[DTrace-devel] [PATCH 3/4] test: fix tst.depth.sh to use proper trigger
Eugene Loh
eugene.loh at oracle.com
Tue Nov 11 20:50:37 UTC 2025
On 11/10/25 22:00, Kris Van Hees wrote:
> On Mon, Nov 10, 2025 at 07:10:52PM -0500, Eugene Loh wrote:
>> I'm against this patch.
>>
>> The picky stuff is:
>> - the Copyright year should be updated
> Easy to fix - done.
>
>> - the timeout probe could replace
>> tick-1sec /n++ == 10/
>> with simply
>> tick-10sec
> Arguably, the two are not identical. It depends on why one is used over the
> other. Here we could probably go either way, though it might be nice to have
> the tick probe firing every second as a way to generate a bit more activity.
> Given the frequency of the other probes, not really important though as far as
> I can see. Note that I didn't touch the timeout probe primarily because that
> was not the purpose of this patch anyway.
>
>> - the "delay" env var be set for delaydie???

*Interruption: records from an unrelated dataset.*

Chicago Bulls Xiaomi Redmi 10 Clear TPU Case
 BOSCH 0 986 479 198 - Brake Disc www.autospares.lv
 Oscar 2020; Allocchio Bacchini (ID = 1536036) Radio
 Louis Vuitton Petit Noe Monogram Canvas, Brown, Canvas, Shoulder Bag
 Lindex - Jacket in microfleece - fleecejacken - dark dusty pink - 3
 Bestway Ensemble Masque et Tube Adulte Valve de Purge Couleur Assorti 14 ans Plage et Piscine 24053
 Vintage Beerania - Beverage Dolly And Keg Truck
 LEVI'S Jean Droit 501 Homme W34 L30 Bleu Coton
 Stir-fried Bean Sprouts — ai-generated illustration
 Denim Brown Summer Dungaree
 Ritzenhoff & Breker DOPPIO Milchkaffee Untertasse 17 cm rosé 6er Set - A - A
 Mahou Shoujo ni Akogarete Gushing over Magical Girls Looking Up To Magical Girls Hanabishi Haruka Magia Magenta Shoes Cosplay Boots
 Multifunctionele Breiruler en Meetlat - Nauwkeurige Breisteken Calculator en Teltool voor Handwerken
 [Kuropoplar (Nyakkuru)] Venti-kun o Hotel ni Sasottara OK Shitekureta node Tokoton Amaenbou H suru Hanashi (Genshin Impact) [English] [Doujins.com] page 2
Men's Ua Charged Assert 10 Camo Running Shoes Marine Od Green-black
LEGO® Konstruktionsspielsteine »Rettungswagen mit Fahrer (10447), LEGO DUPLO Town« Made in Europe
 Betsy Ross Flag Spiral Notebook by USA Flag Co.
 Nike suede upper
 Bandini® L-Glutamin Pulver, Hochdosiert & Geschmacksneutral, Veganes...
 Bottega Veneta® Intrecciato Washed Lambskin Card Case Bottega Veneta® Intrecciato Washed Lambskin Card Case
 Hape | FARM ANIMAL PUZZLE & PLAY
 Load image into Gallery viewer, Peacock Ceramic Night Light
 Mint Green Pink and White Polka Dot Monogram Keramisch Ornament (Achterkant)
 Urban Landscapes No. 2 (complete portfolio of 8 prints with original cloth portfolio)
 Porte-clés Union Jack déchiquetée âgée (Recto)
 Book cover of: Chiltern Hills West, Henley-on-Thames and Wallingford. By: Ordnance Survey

> Why? We are simply using delaydie to have a trigger executable to execute.
> This is a valid use of it (and it is used that same way in other tests also).
>
>> - the ustacks for delaydie are perhaps not very interesting
> That is not the point of the test, and for that matter, I highly doubt that
> ustacks from date would have been any more interesting (aside from the fact
> that you'd never know because the test didn't even work with date).
>
>> A little more serious is that all this patch does is swap one failure mode
>> for another. What for? It's XFAIL anyhow, and we do not check that we're
>> getting a particular, expected failure.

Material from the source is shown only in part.